WASHINGTON — A man who robbed a Boston bank last year while he was still on probation for a 2006 bank-robbery spree has been sentenced to nearly 6 years in prison, the U.S. Attorney’s Office in Massachusetts said Tuesday.
Philip Leo Campanirio, 53, was sentenced in federal court in Boston on Monday to 70 months for robbing a Citizens Bank last April, according to a statement from the U.S. Attorney’s Office. In 2007 he pleaded guilty to robbing three Citizens Banks four times the previous year, along with a different bank.
In addition to the prison term, U.S. District Court Judge George O’Toole on Monday sentenced Campanirio to 3 years of probation. The judge also ordered him to repay $4,680 to the bank, the statement said.
Campanirio, who has been in custody since his arrest last August, had pleaded guilty in January to one count of bank robbery.

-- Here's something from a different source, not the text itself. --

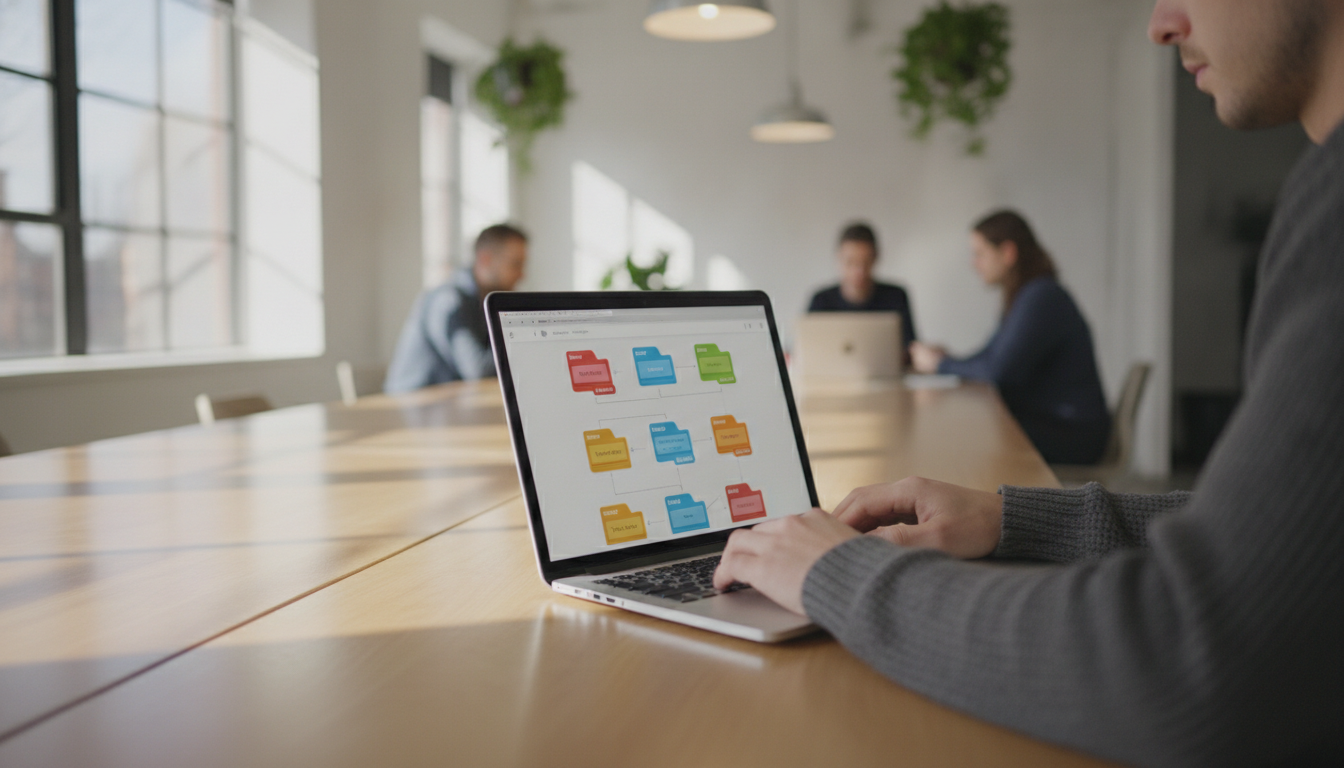découvrez comment créer facilement vos applications et sites web sans écrire une seule ligne de code grâce au no-code, la solution idéale pour les non-développeurs.
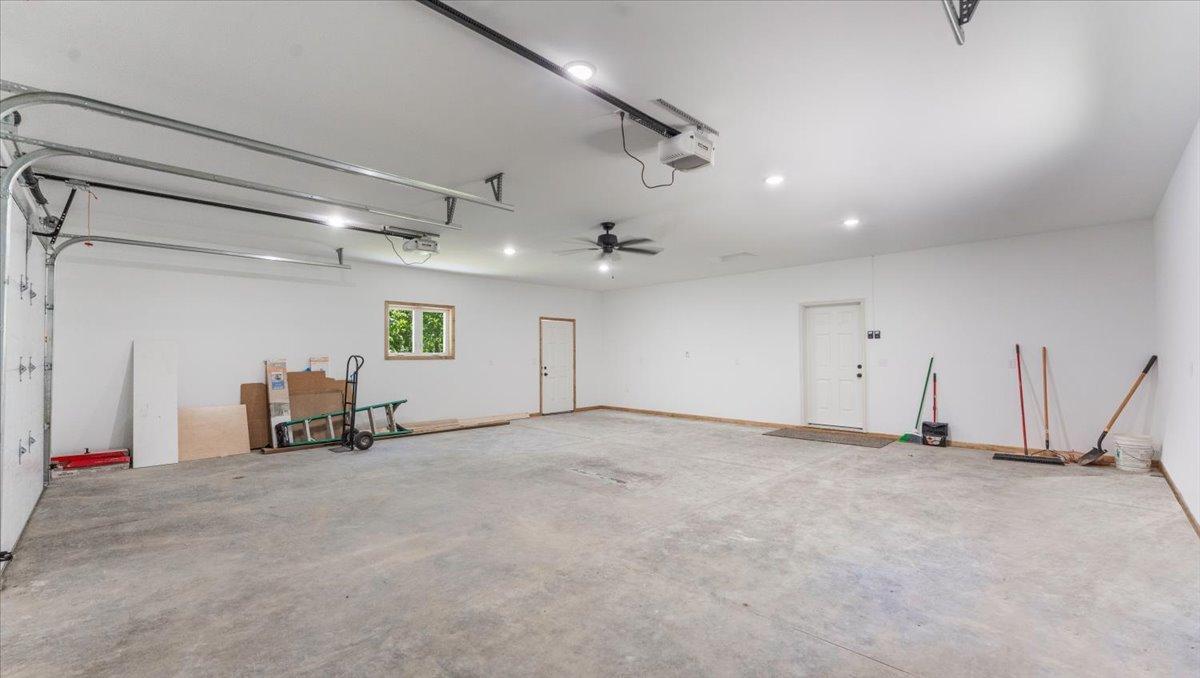 17541 North Mitchell Lake Road Fifty Lakes, MN 56448 - Photo 56 of 80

The bank teller whom he robbed described him as a white man who was about 50 and walked with a limp — and also gave investigators a very detailed description of his attire. Bank security cameras captured images of the suspect that matched the teller’s description, according to the U.S. Attorney’s Office.
After the images and description of the suspect were shown in the media, a probation officer who was supervising Campanirio for his 2006 bank robbery convictions recognized him and contacted authorities.
In 2007 Campanirio pleaded guilty to five bank robberies and one attempted bank robbery in or near Boston. On two occasions during his 2006 robbery spree, he returned to the scene of the crime, according to published reports. After getting away with money from a Sovereign Bank, he tried to rob the same bank nine days later — but the teller recognized him and he left empty-handed.
However, he didn’t let that failure deter him. Just four days later, he robbed a Citizens Bank and returned eight days later for another haul, according to published reports.
In each robbery, he gave the teller a note and threatened to shoot but he never displayed a gun, authorities said.
It is not clear how much time Campanario served for the 2006 convictions or when he was released from prison.